As previously reported [17], the incidence of prolonged postoperative air leaks was higher in the RATS group than in the VATS group. Although the reason for the increased incidence of prolonged air leak after RATS could not be elucidated in a previous study, the incidence of prolonged postoperative air leak after VATS at our institution was lower than that in other reports, whereas the incidence of prolonged air leak after RATS was comparable to other published data. A significantly higher incidence of unexpected postoperative air leaks was observed in the RATS group than in the VATS group. This finding suggests that missed air leaks during the intraoperative sealing test may have contributed to this finding. Many of these patients underwent pleurodesis with OK-432 intrapleural administration, which was the main cause of Clavien-Dindo classification grade ≥ III complications in RATS. There were no marked differences in the length of hospital stay, 30-day re-operation rate, or 30-day re-admission rate. Based on our findings and those of previous reports, RATS appears to offer postoperative and long-term outcomes comparable to those of VATS. A future challenge to be addressed is the comparison of the postoperative quality of life between the two groups. Cheng et al. used the QoR-15 scale to show that RATS has better postoperative recovery than VATS [18]. Lan et al. showed that RATS was associated with a lower rate of postoperative dysfunction in the first seven days after surgery than VATS [19]. In our study, we were unable to compare these items because patient pain and recovery data were unavailable.

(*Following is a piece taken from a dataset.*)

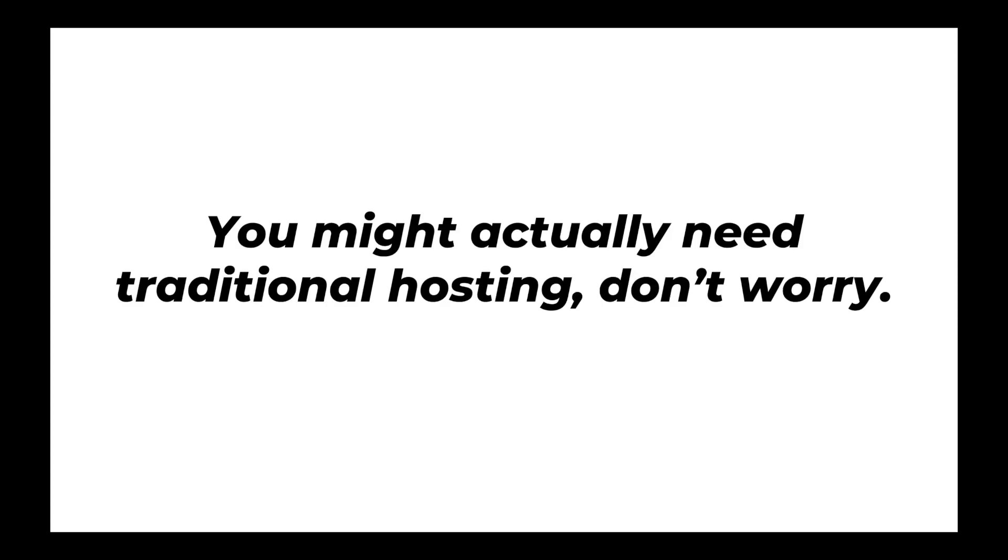And it's okay. You might actually need traditional hosting. I'm not trying to say that you don't need it or that Tome is better than every other way to host Drupal. It's just an alternative.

The median follow-up period was 44.5 months, and the 3-year OS and DFS rates were calculated. There were no significant differences in either the OS or DFS between the two groups, although the RATS group tended to show a lower 3-year DFS than the VATS group. This may be attributed to the significantly higher proportion of pStage III patients in the RATS group. Although further investigation with a larger sample size is necessary, these findings suggest that the surgical approach does not significantly affect the long-term outcomes.

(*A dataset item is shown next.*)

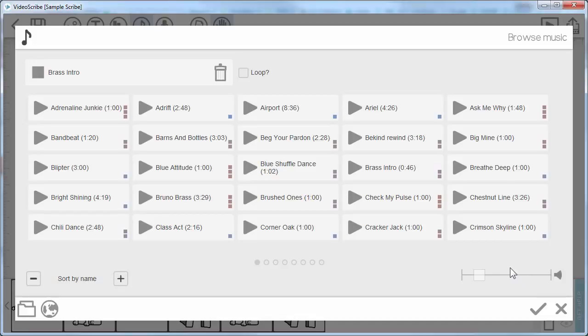If I don't like that one, I want to choose another one. I just select something else and it would appear and I can preview it.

Several limitations associated with the present study warrant mention. First, this was a single-center retrospective cohort study with a limited number of cases. However, the use of propensity score matching to adjust for imbalances in patient backgrounds is believed to yield more reliable results. Second, in both the RATS and VATS groups, the surgeons were not fixed, and differences in skill levels may have been reflected in the results. Because of the Japanese system, in which RATS surgeons are limited to board-certified members of the Japanese Association for Thoracic Surgery, RATS surgeons in this study had significantly more surgical experience than VATS surgeons. Attempts to match years of experience resulted in a drastically reduced sample size and an uneven distribution of cases among specific surgeons, precluding adjustment for this difference between the two groups. Finally, segmentectomy was covered by insurance in 2020 during the study period. Furthermore, because the results of the JCOG0802/WJOG4607L trial [20] were announced around the same time, segmentectomy is now actively performed for lung cancers with a maximum diameter of ≤ 20 mm. Therefore, some of the patients enrolled in this study may now be eligible for segmentectomy, and the patient population may differ somewhat from the current clinical practice. The accumulation of more cases and further investigations are necessary.

In conclusion, at our institution, RATS lobectomy for lung cancer demonstrated long-term outcomes comparable to those of VATS lobectomy. Although RATS was associated with a longer operative time than VATS, its potential benefits included reduced blood loss and a lower conversion rate to open thoracotomy than VATS.